Extracted data entries:
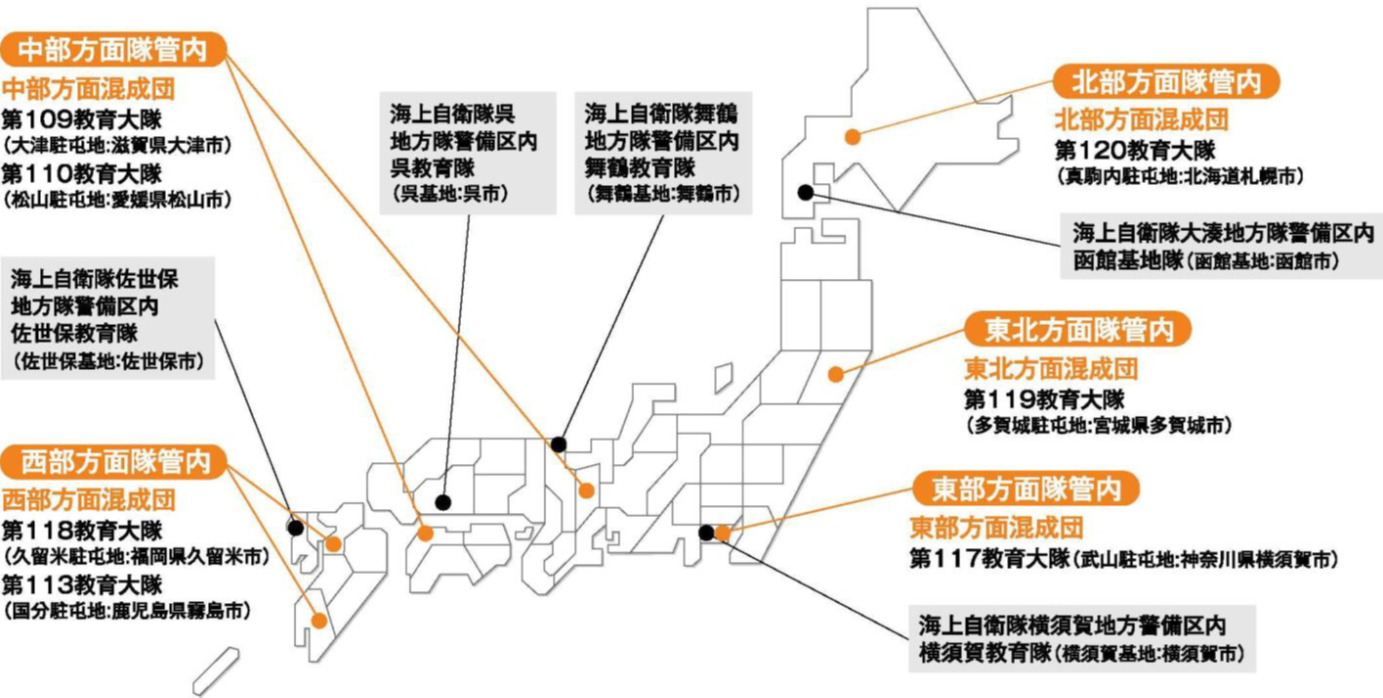 教育訓練場所及び教育訓練招集部隊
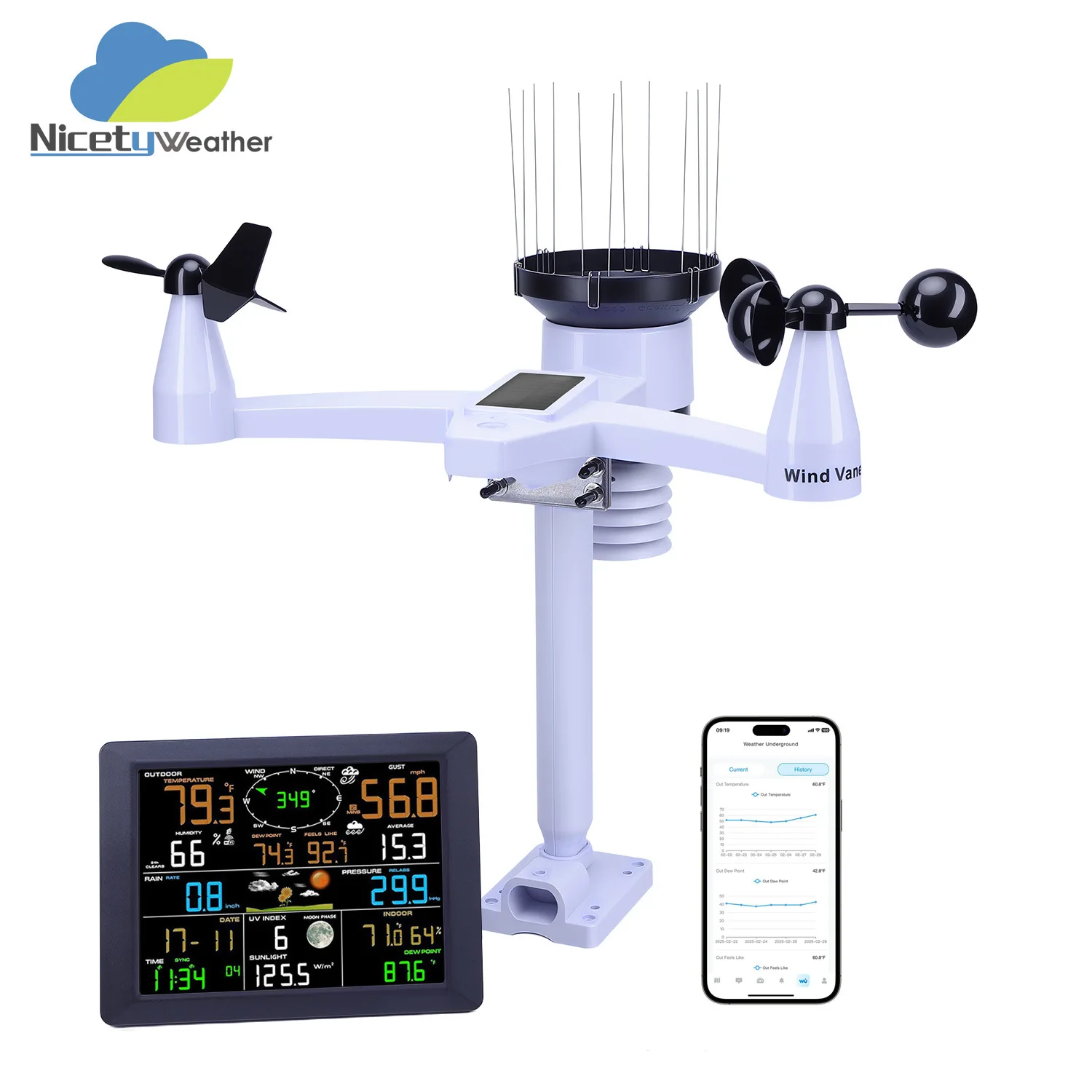 

7 In 1 Outdoor Sensor Professional Weather Station Wind And Rain/UV/temperature And Humidity Real-time Intelligent Warning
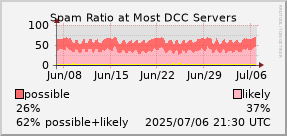 graph of spam ratio at DCC servers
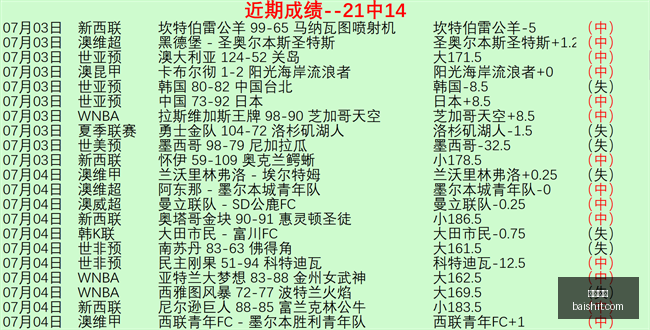 世界杯激战,正酣,连捷,开云体育,体育赛事,运动新闻,体育用品,健身指导,开云体育平台,开云体育APP,运动爱好者,体育社区,体育资讯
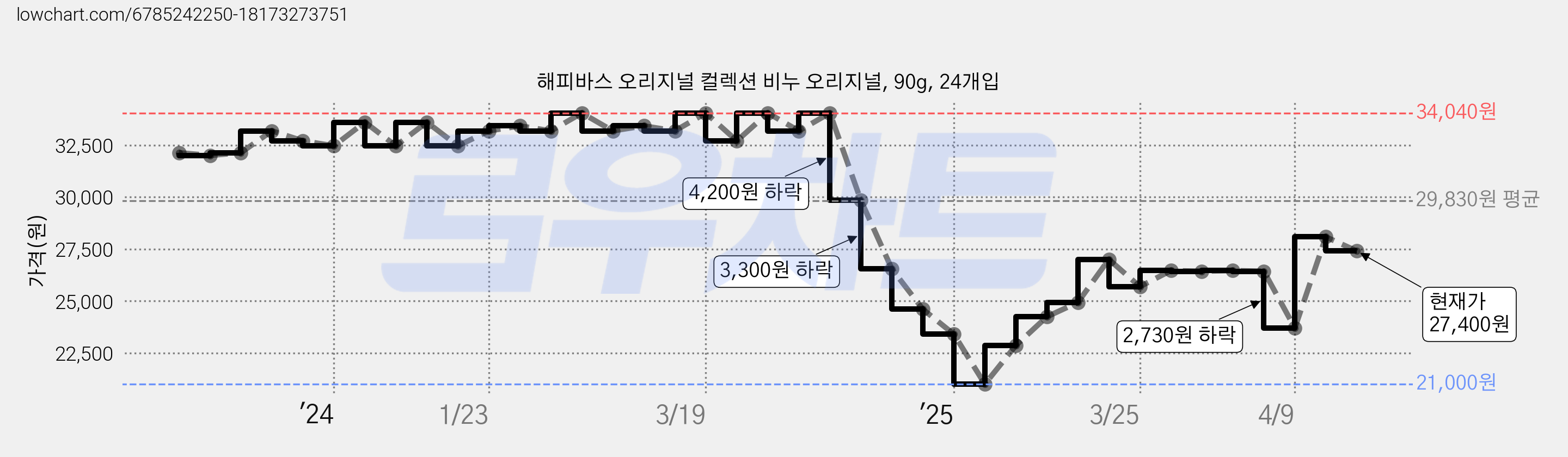 해피바스 오리지널 컬렉션 비누 오리지널, 90g, 24개입 가격 변동 차트, 현재가 27,400원, 관측 최저가 21,000원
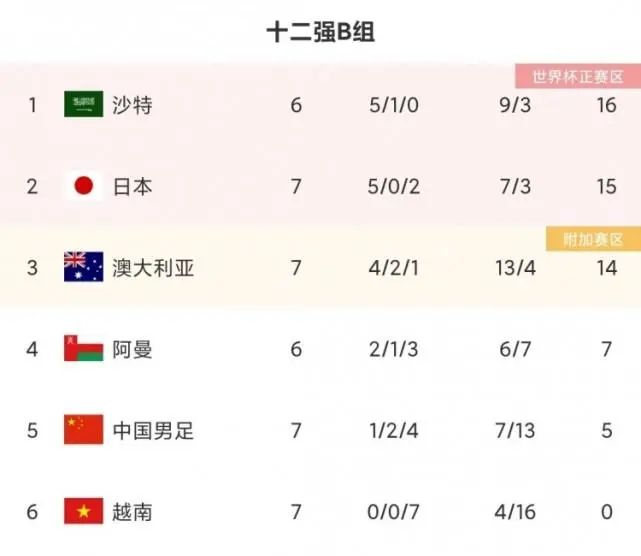 國足沖擊世界杯的夢又碎了，這次十二強賽給了我們什么教訓？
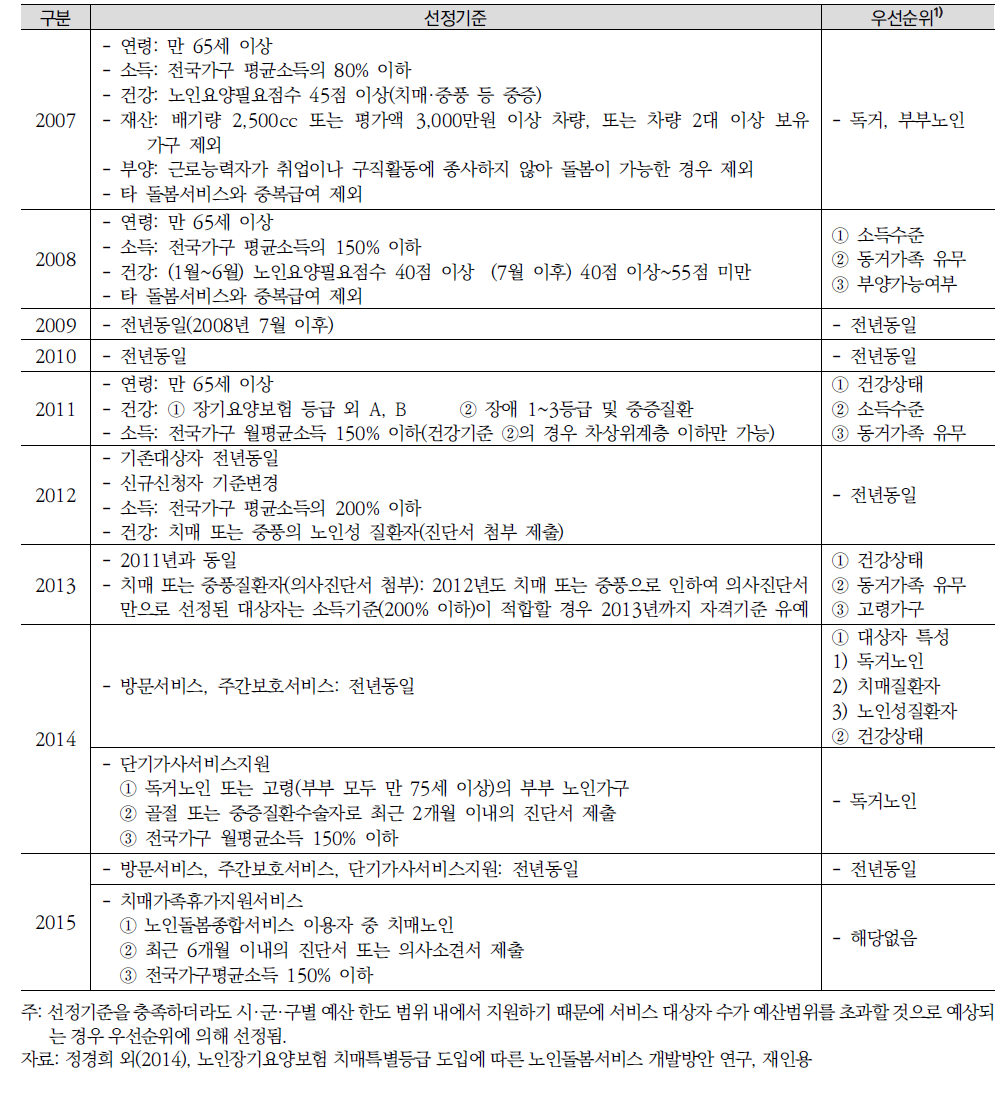 노인돌봄종합서비스의 선정기준의 변화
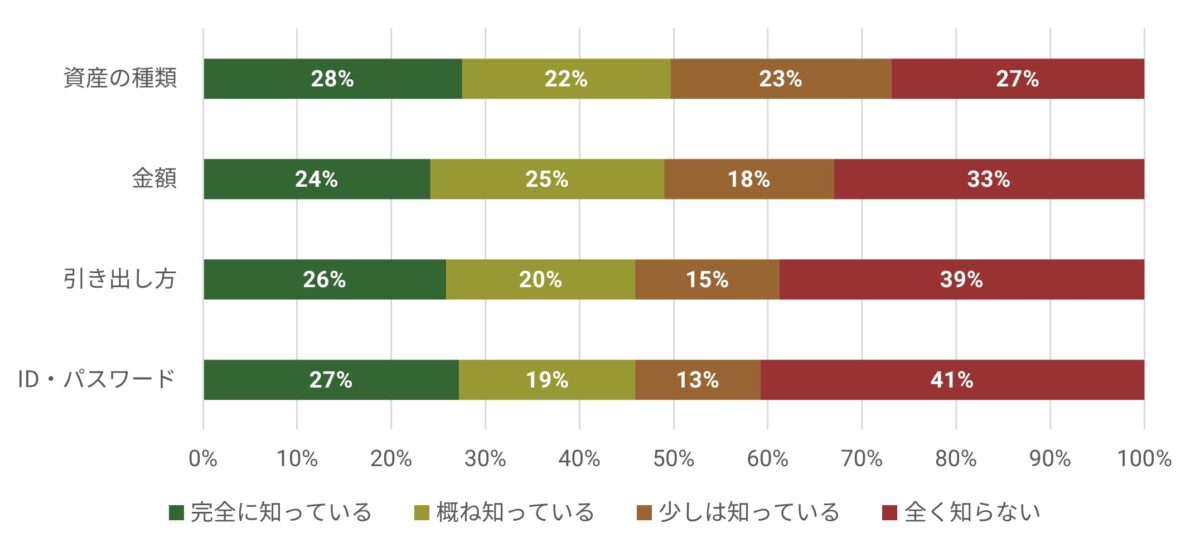 デジタル金融資産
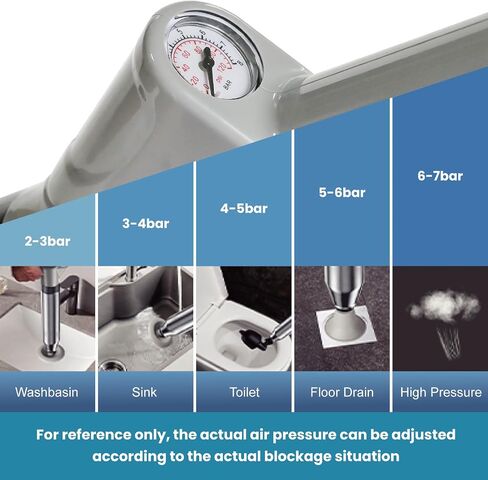 Toilet Plunger, High-Pressure Toilet Snake Air Drain Blaster with Real-Time Barometer Plunger Toilet Clog Remover Plunge Blaster Toilet Unclogger for Bathroom, Sink,Kitchen Clogged（White） in Saudi Arabia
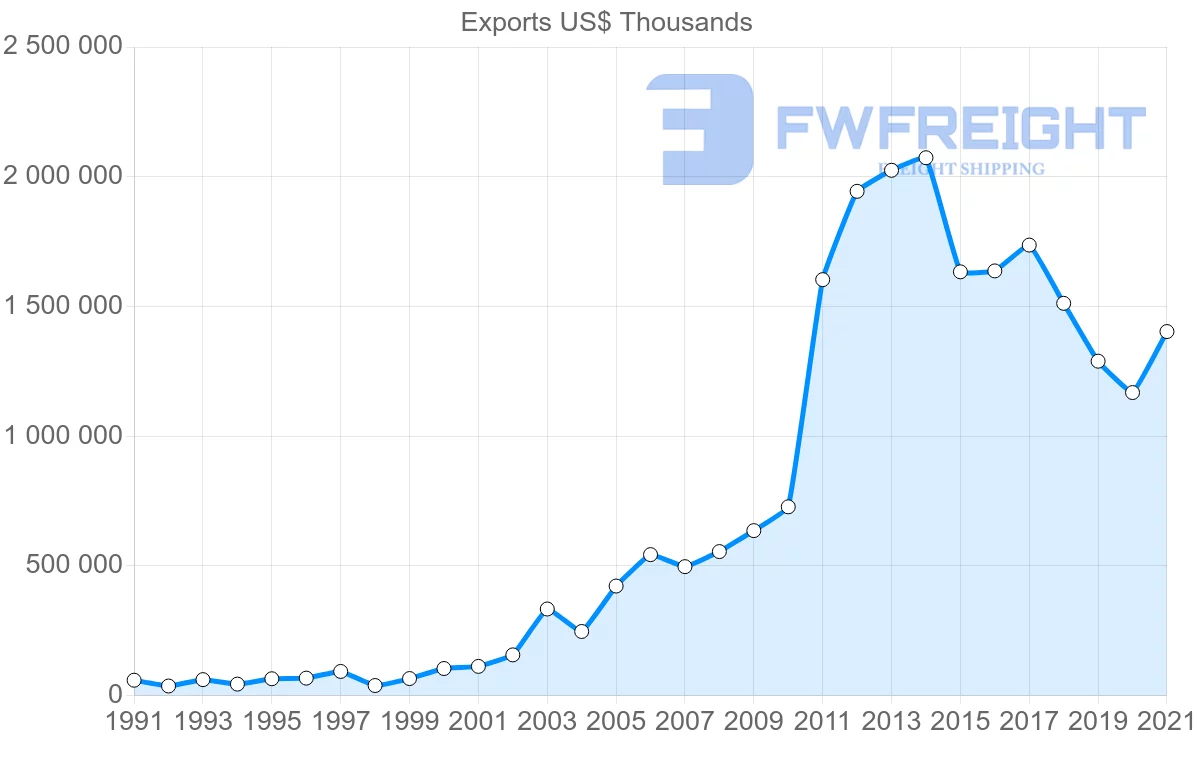 Shipping company from Portugal to China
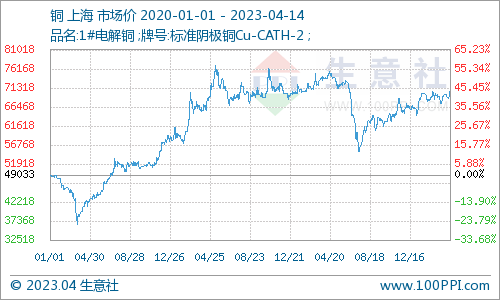 生意社:美元走弱提振 本周铜价小幅上涨(4.10-4.14)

Task goal>
Retype all entries exactly as they appear, dropping the images.

Answer area>
 教育訓練場所及び教育訓練招集部隊

7 In 1 Outdoor Sensor Professional Weather Station Wind And Rain/UV/temperature And Humidity Real-time Intelligent Warning
 graph of spam ratio at DCC servers
 世界杯激战,正酣,连捷,开云体育,体育赛事,运动新闻,体育用品,健身指导,开云体育平台,开云体育APP,运动爱好者,体育社区,体育资讯
 해피바스 오리지널 컬렉션 비누 오리지널, 90g, 24개입 가격 변동 차트, 현재가 27,400원, 관측 최저가 21,000원
 國足沖擊世界杯的夢又碎了，這次十二強賽給了我們什么教訓？
 노인돌봄종합서비스의 선정기준의 변화
 デジタル金融資産
 Toilet Plunger, High-Pressure Toilet Snake Air Drain Blaster with Real-Time Barometer Plunger Toilet Clog Remover Plunge Blaster Toilet Unclogger for Bathroom, Sink,Kitchen Clogged（White） in Saudi Arabia
 Shipping company from Portugal to China
 生意社:美元走弱提振 本周铜价小幅上涨(4.10-4.14)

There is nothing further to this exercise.